The naira however ended the day weaker than the previous day at N1,482 per dollar in the official market while also closing weaker at N1,490 per dollar in street trading, according to data collated from multiple traders, as strong demand intensified amid shortage.
Analysts and investors are watching closely to see if the gap will stay this way or start to widen again.
“How the gap evolves from here depends on if the CBN does the right thing or not,” a business leader told BusinessDay.
“We will perhaps have a true value determination and as bad as the fall is we should now be able to attract cash into the market. This is the test for the CBN. Will they get it right?,” the business leader said.
Investors had faulted the CBN’s lack of transparency with the rates at the official market. The rate had been fairly stable despite acute dollar shortages in the market until this week after the CBN made changes. The intra-day rates painted a more realistic picture of the naira’s level than the closing rate.
That however changed on Monday after a reassessment by the CBN of the methodology employed to determine the exchange rate.
The primary goal of the change according to CBN sources is to mitigate fluctuations in the foreign exchange market and ensure that rates align more accurately with prevailing market conditions.

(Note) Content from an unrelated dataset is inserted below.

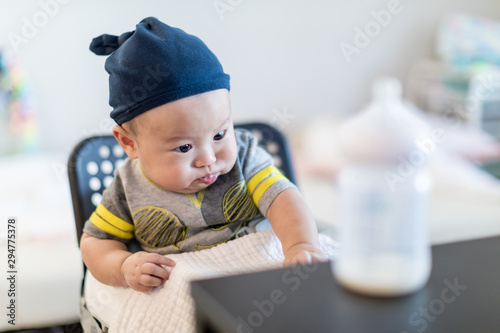 Cute baby boy drinking from bottle photo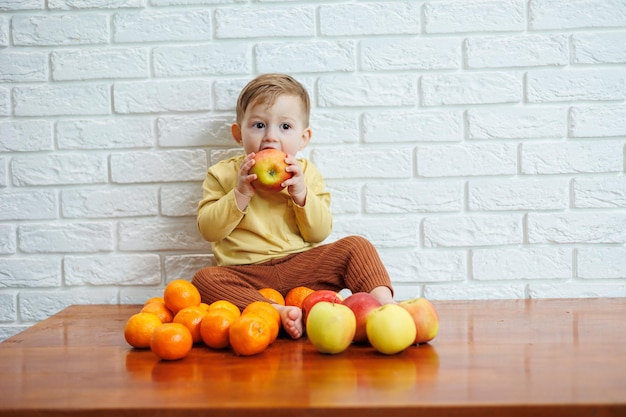 신선한 육즙이 많은 빨간 사과 하나를 먹는 귀여운 웃는 아이 어린 아이들을 위한 건강한 과일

“We believe the naira will continue the slippery slope given the lingering huge oil theft that has reduced FX supply to the CBN,” Ayodeji Ebo, managing director/CBO, Optimus by Afrinvest, said.
He said increasing crude oil production from the current 1.35mbpd to over 1.65mbpd is the short-term fix to create a steady FX supply to the CBN as well as provide support for any FX raised through Eurobonds, multilateral arrangements, and FX structures, adding that the medium to long-term fix is to increase non-oil exports.